Les artistes redoutent cette déchéance : la vraie peinture n’est pas un papier peint. Le champ de l’ornement discrédite ce qu’il absorbe. Or peut-on opposer l’art majeur de la peinture par exemple à l’art mineur de la décoration ? Dans l’Ancien Régime, on ne considère pas en effet que les plus grands peintres se rabaissent en se faisant décorateurs et en collaborant avec des architectes !
On pourrait citer les “grands décors”, les fresques dont le plafond de la Chapelle Sixtine par Michel-Ange est un exemple illustre. L’œuvre répond alors à une commande et se plie aux exigences d’un espace précis. (lien muralisme).
La revanche du décoratif chez les impressionnistes.
On valorise, au XIXe siècle l’indépendance du tableau sur chevalet et son émancipation à l’égard du décoratif. Or un tableau accroché en atelier a pour but d’être accroché quelque part ! Voilà la réalité à laquelle vont se confronter les impressionnistes. A la fin du XIXe s. en effet, le décoratif va s’émanciper des commandes et envisager que le tableau sur chevalet s’inscrira dans un lieu non encore déterminé à la manière d’une décoration.
Le tableau est créé en atelier mais il n’y restera pas. Il y a une revitalisation du caractère ornemental de l’art chez plusieurs artistes impressionnistes tels Pissarro, Monet, Renoir, Degas, Caillebotte, Morisot et Cézanne. Le Déjeuner de Monet par exemple, a pour titre originel, Panneau décoratif et son tableau Les Dindons portait en 1877 la mention Décoration non terminée. Mais le cas le plus remarquable est peut-être celui de Renoir.
Focus : Renoir et la décoration.
Renoir qui a d’abord été peintre sur Porcelaine, a ensuite décoré des cafés pour gagner sa vie avant de réaliser des commandes pour des particuliers. Lorsqu’il expose son tableau grand-format Les grandes baigneuses en 1887, il inscrit en sous-titre Essai de peinture décorative.
Inspirées d’un bas-relief (Bain des Nymphes de Girardon), les baigneuses restent en un sens attachées au mur qui va les recevoir. C’est le propre du bas relief. Elles rappellent ce rôle d’interface entre le mur nu et la pièce habitée, elles s’extraient du plan pour se rendre visible mais sans s’en détacher. Dega et Morisot ont également travaillé le relief.
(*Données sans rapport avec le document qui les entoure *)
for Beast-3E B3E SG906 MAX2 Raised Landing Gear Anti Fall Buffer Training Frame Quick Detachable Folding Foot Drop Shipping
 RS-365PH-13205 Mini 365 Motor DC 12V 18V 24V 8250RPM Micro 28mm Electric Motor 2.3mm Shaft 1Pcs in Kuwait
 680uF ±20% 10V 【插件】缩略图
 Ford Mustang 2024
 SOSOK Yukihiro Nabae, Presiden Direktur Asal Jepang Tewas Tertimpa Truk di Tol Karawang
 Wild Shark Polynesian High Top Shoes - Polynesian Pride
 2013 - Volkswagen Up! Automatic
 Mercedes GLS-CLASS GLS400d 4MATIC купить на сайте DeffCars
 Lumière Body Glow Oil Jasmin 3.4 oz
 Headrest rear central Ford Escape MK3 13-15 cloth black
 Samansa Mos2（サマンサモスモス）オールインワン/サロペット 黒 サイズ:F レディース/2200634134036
Or d’un point de vue plastique le relief est par essence dépendant du mur.
Cette proximité qui est en fait largement passée sous silence par les expositions est d’ailleurs un argument des critiques de l’exposition impressionniste de 1877 qui leur reprochent d’être “des décorateurs qui ont le sentiment des grandes masses” et qui dénoncent ce qui “ne sera jamais qu’une école décorative, c’est-à-dire secondaire”.
Face à cela, Renoir écrit : “Tout le monde aujourd’hui s’occupe du tableau, mais tout le monde laisse absolument de côté un art qui a été la gloire française et qui n’existe plus aujourd’hui. Je veux dire l’art décoratif. […] C’est pourquoi je crois utile de faire tout son possible pour relever cet art tombé au plus bas. Je vais y tâcher.” Pour Renoir tout ce qui est apposé sur une forme première est ornement. Une fenêtre dans une maison, des fleurs sur une tasse, un tableau sur un mur.
Conclusion
Ainsi l’objet d’art, soigneusement choisi et investi, a toute sa place dans nos intérieurs. C’est en somme ce qu’écrit Monet se confiant à Roger Marx : “Un moment la tentation m’est venue d’employer à la décoration d’un salon ce thème des nymphéas : transporté le long des murs, enveloppant toutes les parois de son unité, il aurait procuré l’illusion d’un tout sans fin, d’une onde sans horizon et sans rivage ; les nerfs surmenés par le travail se seraient détendus là […] et, à qui l’eût habité, cette pièce aurait offert l’asile d’une méditation paisible au centre d’un aquarium fleuri.”